Time marched on, with babies to tend and bills to pay. My husband and I grew increasingly distant. Although he was sorry for how he’d hurt me, I continued to blame him for our many other difficulties. Surely I was justified in my feelings of anger, grief, and resentment. I didn’t realize it at the time, but in an effort to protect myself from being hurt, I was actually constructing a Fort Knox-like prison for myself with unforgiveness as the cornerstone.

One morning, as I was getting ready for work, I glanced up at the mirror. What I saw both alarmed and unnerved me. Gazing at my reflection, I saw an embittered, haggard-looking woman whose face I barely recognized. The light in my eyes had faded, and my skin was ashen and pale.
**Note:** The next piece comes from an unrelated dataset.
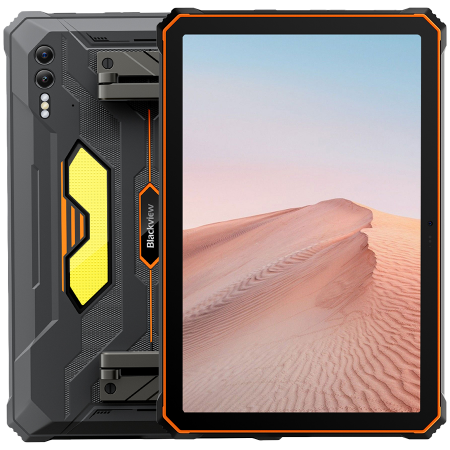 Notebook & Tablet - Blackview Rugged Tab Active 10 Pro 10.95-inch FHD+IPS 1920x1200 90Hz Corning 3th 12GB/512GB MT6878 Octa-core 2.5GHz 50MP Front/108MP+20MP Rear Camera infared nught vision 30000mAh NO Charging Android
Deep creases from frowning and crying claimed territory where laugh lines should have been. I didn’t like what I saw, but even more, I didn’t like how I felt — weary, miserable, and alone. In that brief moment, I finally realized that the walls I’d built around my heart weren’t doing anything but preventing me from experiencing the deep healing and love I so desperately needed.

I couldn’t move on; it was as if I was trapped in a never-ending nightmare of pain and suffering. After a lot more talking and arguing and crying, my husband and I agreed to seek help from a licensed counselor. It was in this space that I began to develop a more mature and comprehensive understanding of what forgiveness is and is not. First of all, forgiveness was not a one-time event whereby I would tell my husband I forgave him and — poof! — all the hurt and damage to our relationship would be magically erased. Rather, forgiveness is a process, the first step of which was to recognize that I had been hurt. That step was easy enough — I had been hurt deeply enough to span three lifetimes. But then what? Change, but how?

Over the next several months, it became clear that extending forgiveness didn’t mean that everything with my marriage was okay, nor did it mean that what my husband did was acceptable. Forgiveness didn’t mean that I was my spouse’s doormat. Offering forgiveness wasn’t a prize, or a gift, or a free pass for his poor behavior; rather, forgiving my husband was a gift I could choose to give to myself.

I’ll never forget the moment when I finally decided to accept my husband’s apology — and it was definitely a decision — not an easy one, and an intentional act of my stubborn free will. I didn’t have warm feelings of happiness flowing through my veins in the moments leading up to forgiving him that first time. Afterward, however, I felt like someone had opened up a window and allowed fresh air to waft through my life. After months and months cooped up in a lonely, dark prison cell, I felt like I could live and move and breathe again. In choosing to forgive, I was choosing to heal and be free at last from the chains that had held me captive.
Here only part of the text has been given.